Provided data.
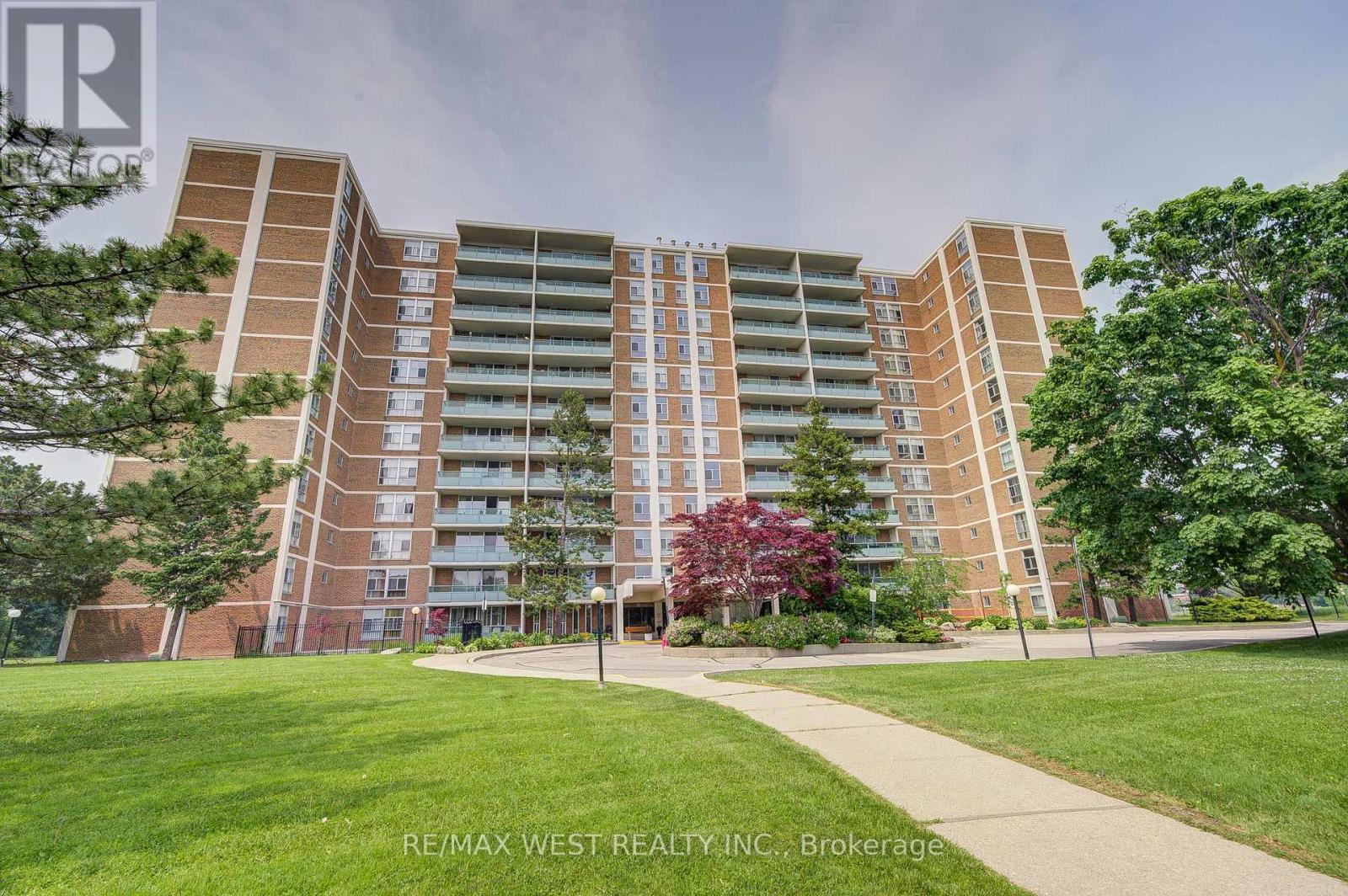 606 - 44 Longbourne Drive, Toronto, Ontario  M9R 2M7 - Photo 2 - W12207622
* * *
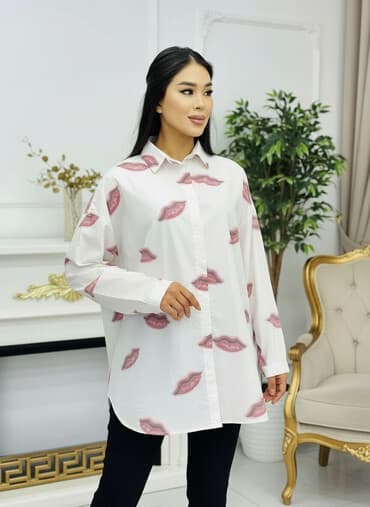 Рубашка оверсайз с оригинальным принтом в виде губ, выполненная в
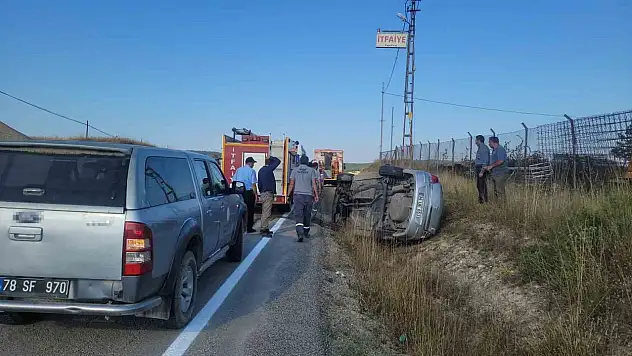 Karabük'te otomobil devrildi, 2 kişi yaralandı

What is required. Write back the stretch of lines above that begins with the line holding "Рубашка оверсайз с" and ends with the line holding "Karabük'te otomobil devrildi, 2", both included, exactly as written. Pictures stay out.

Solution to this task.
 Рубашка оверсайз с оригинальным принтом в виде губ, выполненная в
 Karabük'te otomobil devrildi, 2 kişi yaralandı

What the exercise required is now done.